ST. AUGUSTINE, Fla. (WFLA) — Construction crews in Florida unearthed a shipwreck from the 19th century while working on a road project in downtown St. Augustine last week.

According to the Florida Department of Transportation (FDOT), crews discovered the nearly intact wooden vessel while working on State Road A1A near the Bridge of Lions for a draining improvement project that began earlier this year.

FDOT archeologists and experts believe the well-preserved boat is from the mid-to-late 1800s.
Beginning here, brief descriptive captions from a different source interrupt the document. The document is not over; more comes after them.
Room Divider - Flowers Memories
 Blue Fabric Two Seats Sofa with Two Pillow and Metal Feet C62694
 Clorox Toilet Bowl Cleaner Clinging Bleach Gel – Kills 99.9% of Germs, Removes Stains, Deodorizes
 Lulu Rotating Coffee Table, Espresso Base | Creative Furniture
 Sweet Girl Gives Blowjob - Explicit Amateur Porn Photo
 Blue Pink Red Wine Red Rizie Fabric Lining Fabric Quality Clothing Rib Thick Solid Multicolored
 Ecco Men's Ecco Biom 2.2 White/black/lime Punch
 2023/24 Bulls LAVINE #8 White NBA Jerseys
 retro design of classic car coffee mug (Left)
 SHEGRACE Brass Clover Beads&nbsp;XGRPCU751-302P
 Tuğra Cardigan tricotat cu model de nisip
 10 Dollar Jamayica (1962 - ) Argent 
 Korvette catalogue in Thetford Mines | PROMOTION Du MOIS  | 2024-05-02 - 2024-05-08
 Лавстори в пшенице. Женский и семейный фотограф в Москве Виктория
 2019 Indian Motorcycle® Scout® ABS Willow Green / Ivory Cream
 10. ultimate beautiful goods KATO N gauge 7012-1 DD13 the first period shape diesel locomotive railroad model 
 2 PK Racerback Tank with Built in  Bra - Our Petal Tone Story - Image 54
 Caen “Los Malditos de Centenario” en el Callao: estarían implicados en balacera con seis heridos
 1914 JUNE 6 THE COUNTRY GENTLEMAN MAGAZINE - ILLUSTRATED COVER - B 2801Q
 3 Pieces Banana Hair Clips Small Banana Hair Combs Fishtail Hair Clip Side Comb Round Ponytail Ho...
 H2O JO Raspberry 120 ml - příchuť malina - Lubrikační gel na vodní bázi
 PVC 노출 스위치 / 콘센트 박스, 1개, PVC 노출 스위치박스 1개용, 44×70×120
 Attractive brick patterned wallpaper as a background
“We believe the vessel may have sunk unexpectedly and, over time, was silted in. That is why it was preserved so well — it was encapsulated in soil and mud, so there was no air contact for it to decay. It’s truly an incredible find,” District 2 Secretary Greg Evans said in a statement.

Since the area is historic in nature, FDOT started working with Southeastern Archaeological Research (SEARCH), a maritime archaeology team, which was able to help with the excavation.

The vessel remained wet during the excavation to preserve it.
Credit: Florida Department of Transportation, District Two

“With every project we undertake, the Florida Department of Transportation is sensitive to the unique needs of the communities we serve, including the potential presence of historical sites and artifacts within construction sites,” Evans added. “We are grateful to our partners at SEARCH for their careful efforts to preserve this vessel, and we look forward to learning more about its significance to the region.”

Dr. James Delgado, Senior Vice President at SEARCH, who led the excavation and recovery of the boat, said experts believe the vessel was likely used to extract fish and shellfish from coastal waterways and offshore in the 19th century.

“We believe the vessel to be a small single-masted, shallow-draft sailing craft of the 19th century that was likely used to extract fish and shellfish from coastal waterways and directly offshore,” he said. “With a dedicated team, including support from the local community and the on-site construction team, we were able to extract the vessel in order to allow the important work on the community’s infrastructure to continue. We greatly appreciate FDOT’s commitment to cultural resources and in retaining SEARCH for this project.”